Biomass energy generation, which typically involves burning wood pellets, creates more CO2 per megawatt-hour of energy than burning fossil fuels when considering the full chain from fuel production to electricity generation, the paper by the free market think tank the Institute of Economic Affairs (IEA) said.
However, biomass smokestack emissions are officially credited to the country where the trees are grown, primarily the United States and Canada.
This means wood burning is officially considered ‘zero carbon’ in the United Kingdom and attracts large taxpayer subsidies.
Many UK companies have sought to take advantage of the loophole in recent years by swapping out coal generation for biomass, requiring millions of tonnes of imported wood pellets.
The most famous of these is Drax, which operates the UK’s highest-polluting facility and has repeatedly come under fire for not recognising the damage of its biomass practices.
Just this week, the company received the first stage of approval from the government to build a carbon capture facility in an attempt to offset these emissions, a build that could cost the taxpayer billions in the coming years.
The IEA’s report comes on the same day that a government consultation will begin to potentially grant the company a potential £4bn biomass contract extension to 2030.
“Government subsidies must end,” said Sir Peter Bottomley, MP for Worthing West who endorsed the IEA research.

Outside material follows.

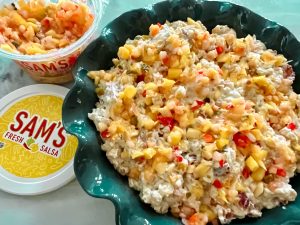 GET FUNKY GORGONZOLA, CORN, AND BACON DIP WITH SWEET MANGO PINEAPPLE SALSA POP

“Burning wood for energy will make global warming worse for decades to come and anyone who claims biomass at-scale can be ‘renewable’ is ignorant at best, fraudulent at worst,” he said.
Christopher Snowden, the report’s author and IEA chief of lifestyle economics, added: “Current carbon accounting practices create perverse incentives and allow governments to boast about reductions in carbon dioxide emissions that only exist on paper
“It is difficult to imagine the British government permitting, let alone subsidising, the incineration of imported wood chips to generate electricity if the emissions were counted on its own balance sheet.”
The IEA report argued natural gas was a greener and cheaper alternative to biomass in the short term and nuclear in the long term.